Activity:
I would like the entries transcribed word for word, please, with the pictures removed.

[Captioned web image data]

►

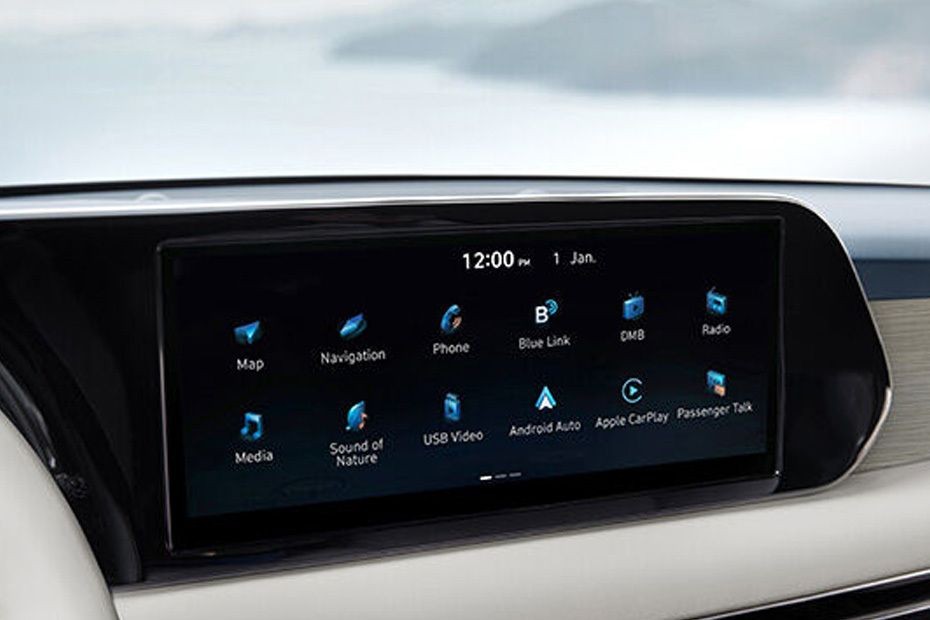 Stereo View of Palisade (2022-2024) in UAE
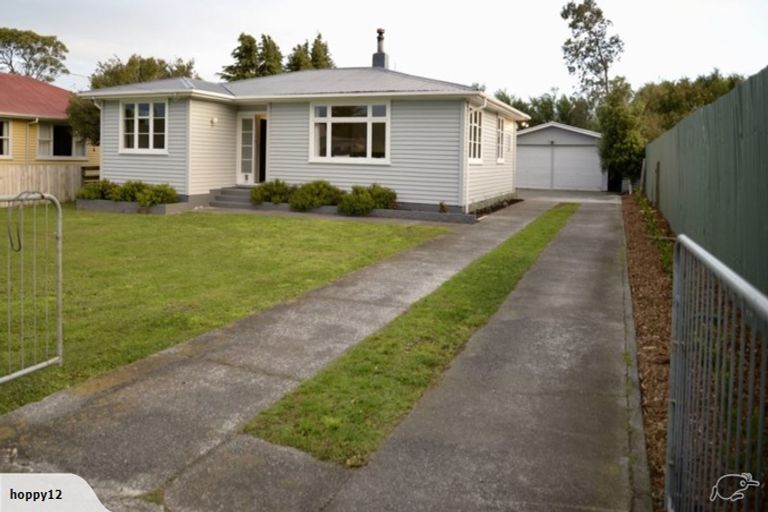 Photo of property in 20 Woodward Street East, Featherston, 5710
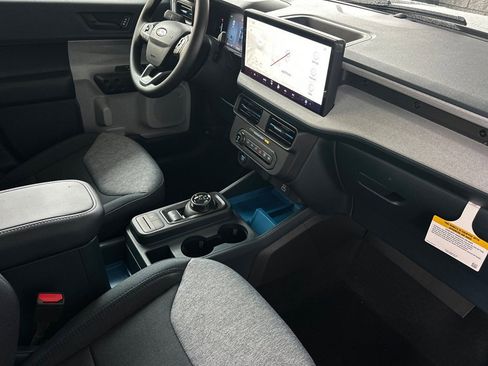 New 2026 Ford Maverick XLT image 14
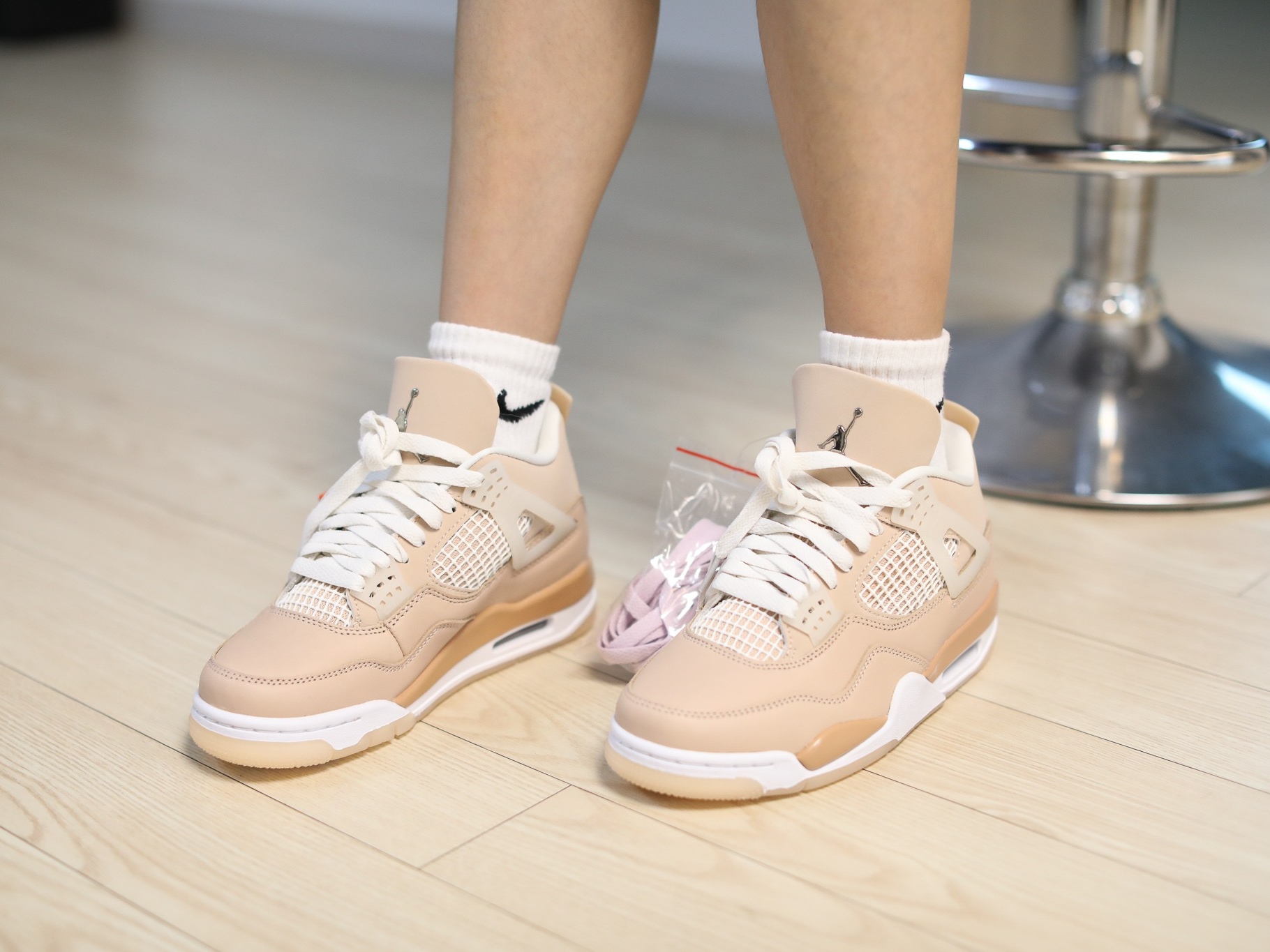(W) Jordan 4 Retro Shimmer 착용 스타일 - 3
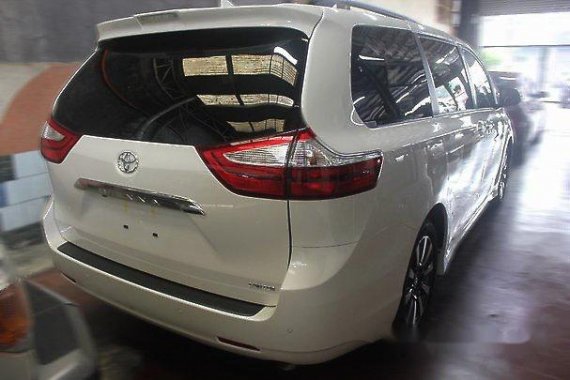 Selling White Toyota Sienna 2018 for sale
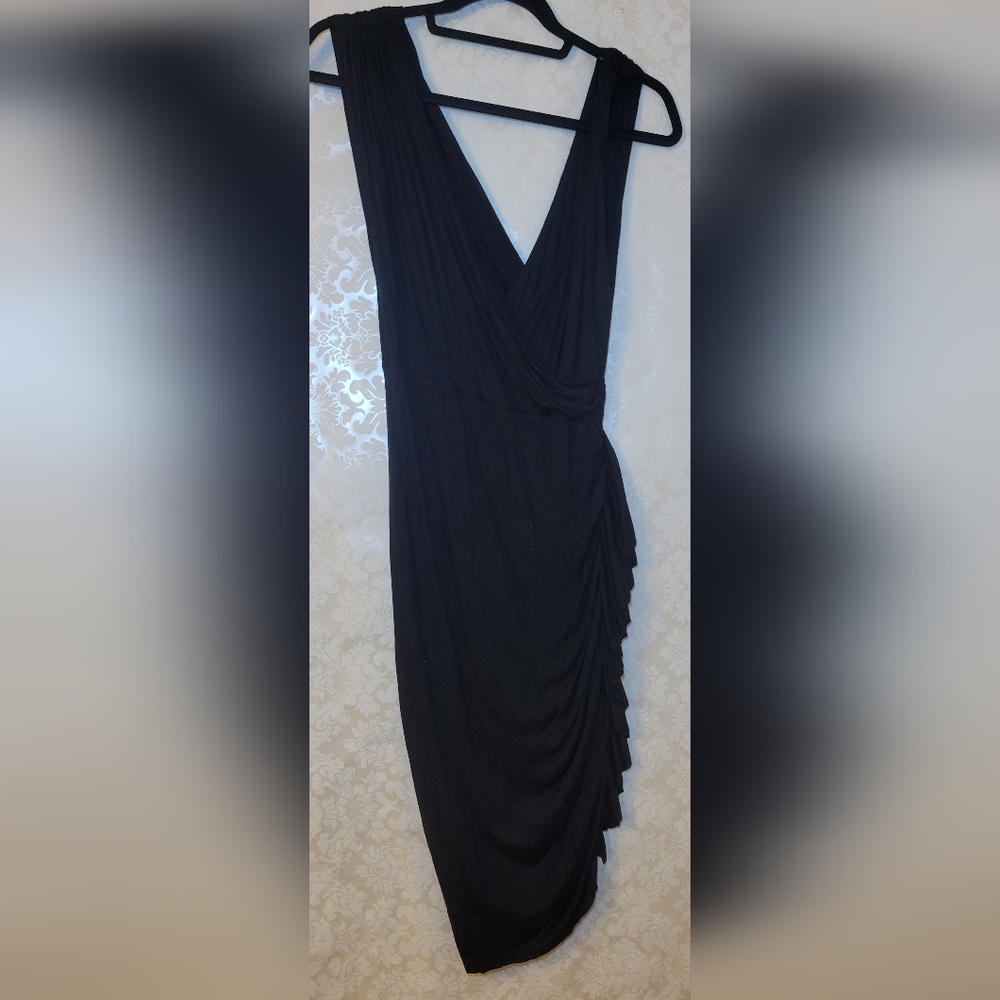 Bardot Elegant One-Shoulder Black Dress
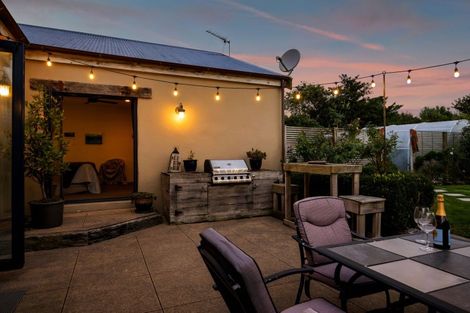 Photo of property in 35 Maire Street, Hawera, 4610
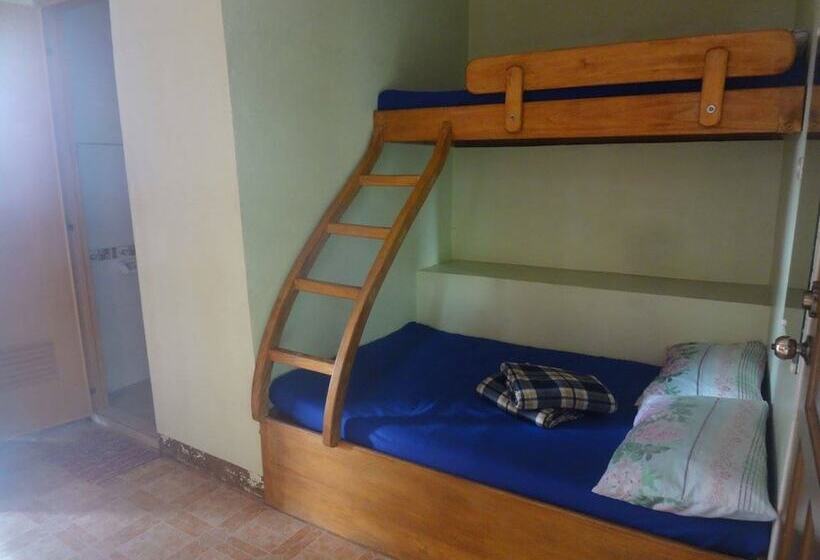 غرفة أساسية, Vista De Pino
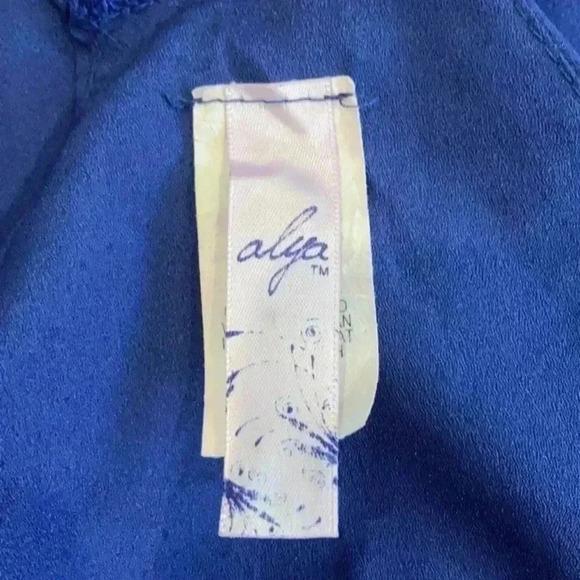 Alya dark royal blue tank top in size small - Picture 3 of 4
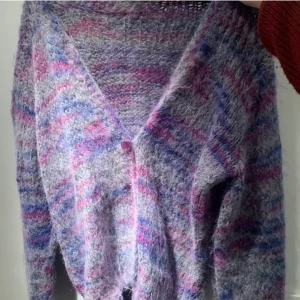 Stickad kofta - Superfin stickad kofta som aldrig är använd av mig, köptes här på plick men passade inte tyvärr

◄

Final answer:
 Stereo View of Palisade (2022-2024) in UAE
 Photo of property in 20 Woodward Street East, Featherston, 5710
 New 2026 Ford Maverick XLT image 14
(W) Jordan 4 Retro Shimmer 착용 스타일 - 3
 Selling White Toyota Sienna 2018 for sale
 Bardot Elegant One-Shoulder Black Dress
 Photo of property in 35 Maire Street, Hawera, 4610
 غرفة أساسية, Vista De Pino
 Alya dark royal blue tank top in size small - Picture 3 of 4
 Stickad kofta - Superfin stickad kofta som aldrig är använd av mig, köptes här på plick men passade inte tyvärr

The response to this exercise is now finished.